⟨
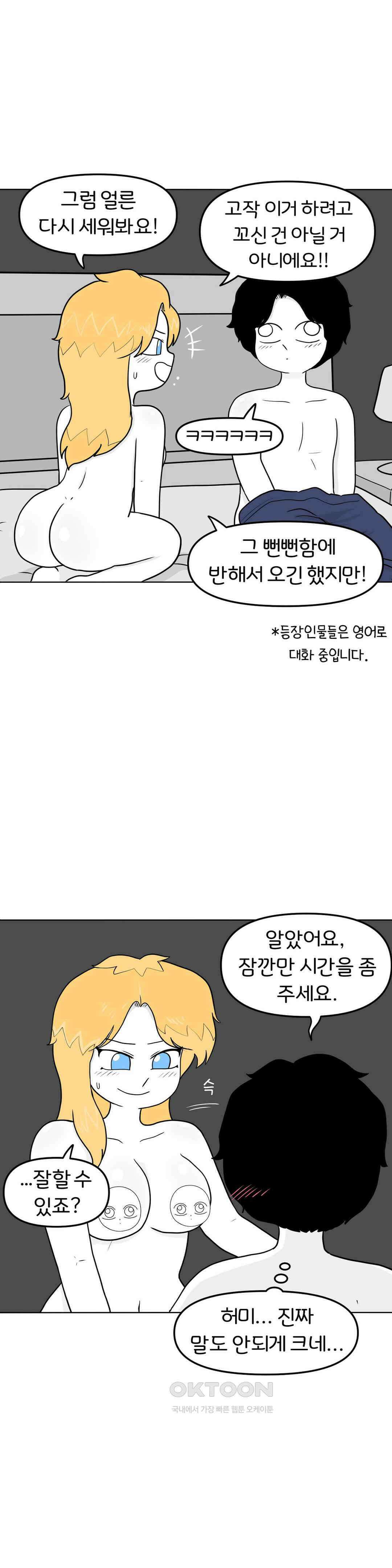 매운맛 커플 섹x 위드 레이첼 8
⟩
⟨
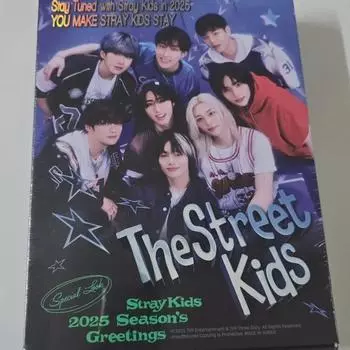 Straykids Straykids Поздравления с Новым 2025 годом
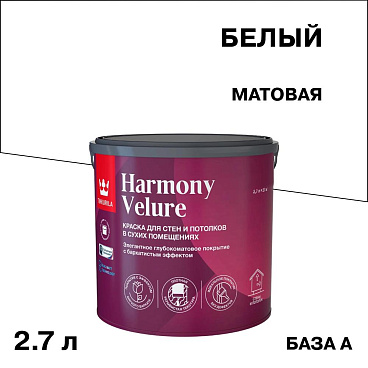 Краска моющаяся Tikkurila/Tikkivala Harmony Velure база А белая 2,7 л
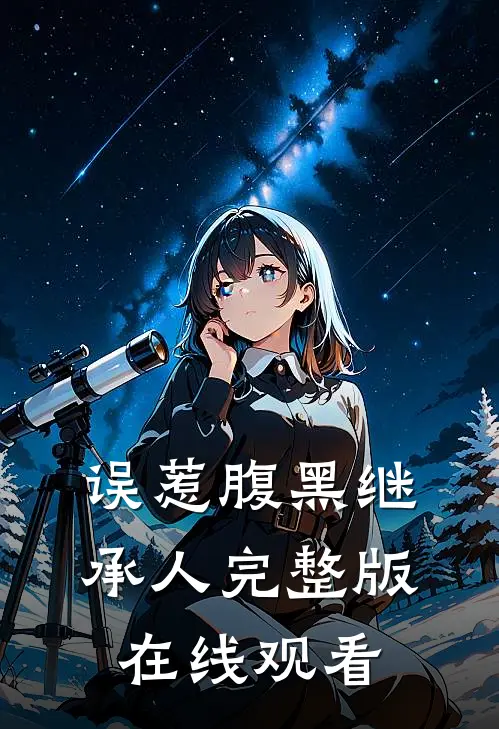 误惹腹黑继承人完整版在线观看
⟩
# Work instructions
Pictures aside, return exactly the lines from the data above, starting at the line that has "Straykids Straykids Поздравления" and ending at the line that has "误惹腹黑继承人完整版在线观看", both included.

# Output of the task
 Straykids Straykids Поздравления с Новым 2025 годом
 Краска моющаяся Tikkurila/Tikkivala Harmony Velure база А белая 2,7 л
 误惹腹黑继承人完整版在线观看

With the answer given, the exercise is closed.